Photo/IllutrationThe F-2 is the main fighter jet used by the Air Self-Defense Force. (Asahi Shimbun file photo)

With Finance Ministry officials lurking in the background, hawkish lawmakers in the ruling Liberal Democratic Party continue to battle the Defense Ministry over development of the next-generation fighter jet to replace the F-2.

The LDP lawmakers’ initial plan to have development conducted entirely by Japanese companies was scrapped because of expected high costs and possible engineering pitfalls.

But they have not given up the fight, and are now arguing that Japanese companies should play a leading role in any joint development of the new fighter jet.

However, Finance Ministry officials want to keep spending under control no matter what decision is made on the development project.

The F-2 was jointly developed with the United States and first deployed in fiscal 2000. The shelf life of the fighters is expected to expire around 2030.

The Defense Ministry initially had three options for the next-generation fighter jet: to fully develop it domestically; to develop it jointly with other nations; or to extend the life of the F-2 through various modifications.

The third option was jettisoned because modifications alone would not obtain the required capabilities.

As for full domestic development, Finance Ministry officials said it would be too expensive.

That left joint development as the course taken by the Defense Ministry, but the LDP members are not taking that decision lying down.

At a study session held on Nov. 6, LDP lawmakers discussed a proposal for submission to the Defense Ministry, saying that even with joint development, Japanese companies had to play a leading role.

Those lawmakers want to ensure Japanese defense industry companies secure their share of the profits and to pass on the technological foundation that has been created through past development of fighter jets.

They still have in mind the Defense Ministry’s development of a prototype jet dubbed the X-2, which was confirmed to have high stealth and engine capabilities.

More than 200 companies took part in the X-2 project, including Mitsubishi Heavy Industries Ltd., and 93 percent of the prototype was made in Japan.

The Defense Ministry, however, has already received responses from three foreign companies after a request for information (RFI) was issued.

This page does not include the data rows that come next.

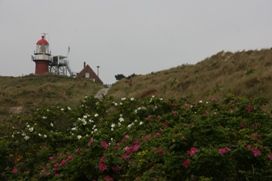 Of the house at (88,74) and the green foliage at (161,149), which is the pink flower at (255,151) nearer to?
the green foliage at (161,149)

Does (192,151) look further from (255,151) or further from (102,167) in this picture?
(102,167)

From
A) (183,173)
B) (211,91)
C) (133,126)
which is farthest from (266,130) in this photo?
(211,91)

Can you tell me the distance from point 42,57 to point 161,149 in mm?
56046

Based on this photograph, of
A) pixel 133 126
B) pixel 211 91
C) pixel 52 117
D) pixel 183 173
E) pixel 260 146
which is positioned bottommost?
pixel 183 173

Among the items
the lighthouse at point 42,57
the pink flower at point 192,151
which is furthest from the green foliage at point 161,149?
the lighthouse at point 42,57

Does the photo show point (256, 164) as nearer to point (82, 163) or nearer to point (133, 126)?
point (82, 163)

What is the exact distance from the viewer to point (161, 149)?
3.64m

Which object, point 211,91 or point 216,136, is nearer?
point 216,136

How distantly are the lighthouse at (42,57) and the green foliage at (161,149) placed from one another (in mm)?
52534

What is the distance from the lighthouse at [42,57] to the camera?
5665 centimetres

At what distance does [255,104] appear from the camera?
4984 millimetres

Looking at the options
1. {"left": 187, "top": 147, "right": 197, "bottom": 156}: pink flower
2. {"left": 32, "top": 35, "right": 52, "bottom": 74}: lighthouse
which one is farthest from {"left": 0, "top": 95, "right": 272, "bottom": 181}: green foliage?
{"left": 32, "top": 35, "right": 52, "bottom": 74}: lighthouse

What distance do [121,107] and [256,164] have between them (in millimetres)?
3945

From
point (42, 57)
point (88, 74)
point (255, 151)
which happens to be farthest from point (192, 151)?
point (88, 74) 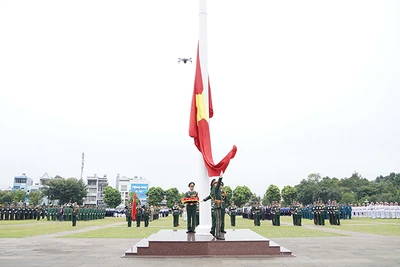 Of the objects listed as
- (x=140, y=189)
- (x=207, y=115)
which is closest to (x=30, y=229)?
(x=207, y=115)

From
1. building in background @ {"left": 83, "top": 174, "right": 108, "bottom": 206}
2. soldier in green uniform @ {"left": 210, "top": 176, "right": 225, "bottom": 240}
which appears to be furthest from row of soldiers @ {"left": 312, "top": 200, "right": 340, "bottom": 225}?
building in background @ {"left": 83, "top": 174, "right": 108, "bottom": 206}

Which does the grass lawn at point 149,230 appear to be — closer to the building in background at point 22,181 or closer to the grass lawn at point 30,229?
the grass lawn at point 30,229

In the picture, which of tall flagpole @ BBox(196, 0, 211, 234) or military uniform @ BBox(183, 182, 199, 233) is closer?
military uniform @ BBox(183, 182, 199, 233)

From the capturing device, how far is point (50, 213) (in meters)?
26.2

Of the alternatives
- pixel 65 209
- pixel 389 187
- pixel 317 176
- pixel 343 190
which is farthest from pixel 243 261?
pixel 317 176

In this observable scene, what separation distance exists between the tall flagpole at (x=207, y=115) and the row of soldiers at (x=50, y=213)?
1817cm

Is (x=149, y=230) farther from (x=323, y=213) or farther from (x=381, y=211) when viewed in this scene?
(x=381, y=211)

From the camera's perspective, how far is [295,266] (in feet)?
20.8

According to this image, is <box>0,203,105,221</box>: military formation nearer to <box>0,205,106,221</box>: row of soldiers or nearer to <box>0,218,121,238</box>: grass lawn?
<box>0,205,106,221</box>: row of soldiers

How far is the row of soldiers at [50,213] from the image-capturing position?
25078 mm

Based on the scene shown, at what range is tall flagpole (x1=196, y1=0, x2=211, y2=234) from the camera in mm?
9250

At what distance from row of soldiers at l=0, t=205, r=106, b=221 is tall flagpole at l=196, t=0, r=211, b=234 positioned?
18.2 m

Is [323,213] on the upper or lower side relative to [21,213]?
upper

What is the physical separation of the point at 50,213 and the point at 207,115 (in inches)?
852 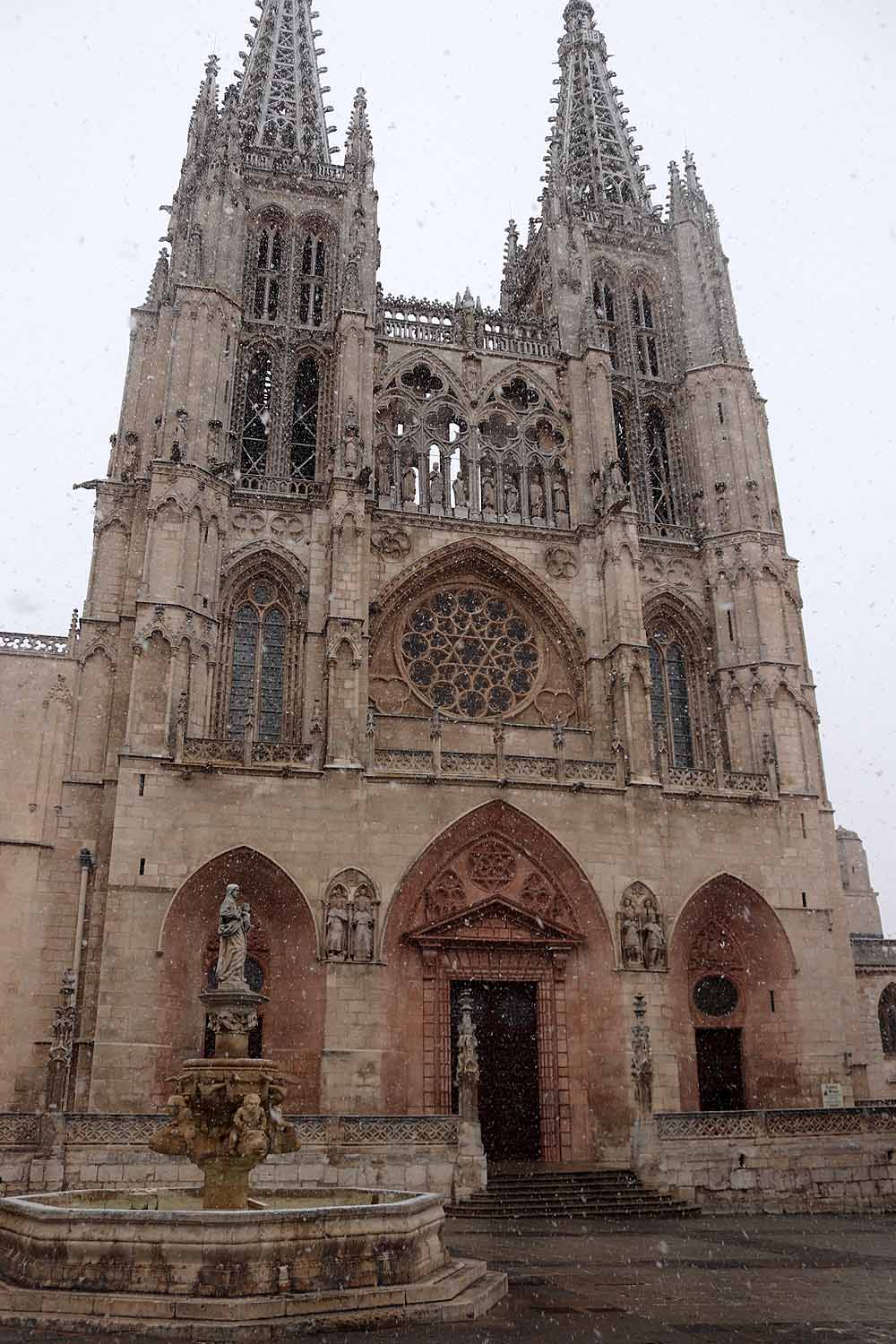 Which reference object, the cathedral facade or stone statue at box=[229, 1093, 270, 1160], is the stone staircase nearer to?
the cathedral facade

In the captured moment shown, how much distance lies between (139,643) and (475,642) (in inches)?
298

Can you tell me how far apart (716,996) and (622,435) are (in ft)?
46.8

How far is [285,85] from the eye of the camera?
3406 cm

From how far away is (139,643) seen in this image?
2084 cm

One proposal submitted by Lockheed Martin Corp. of the United States was a hybrid model that would combine the stealth capabilities of its F-35 jet onto the body of the F-22, considered the world’s strongest fighter jet.

Moreover, Lockheed Martin’s proposal said Japanese companies would be given responsibility for more than half of the development and production work.

The other proposals from abroad were submitted by Boeing Co., also from the United States, and Britain’s BAE Systems Plc.

Regardless of which fighter jet is developed, Finance Ministry officials will be casting a sharp eye to ensure costs do not balloon.

The budget for the new fighter jet is expected to be worth trillions of yen. Such spending would come on top of six straight years of increases in the defense budget.

The initial figure for defense spending in the current fiscal year was 5.191 trillion yen ($46 billion).

Because payments must be made on expensive equipment contracted in the past, only about 1 trillion yen a year in the defense budget can be freely used for new projects.

And there is always the possibility that development expenses and manufacturing costs will increase.

“In order to keep expenses down, there has to be other ways of pursuing the development of the jet and placing the orders for the jets,” a Finance Ministry official said.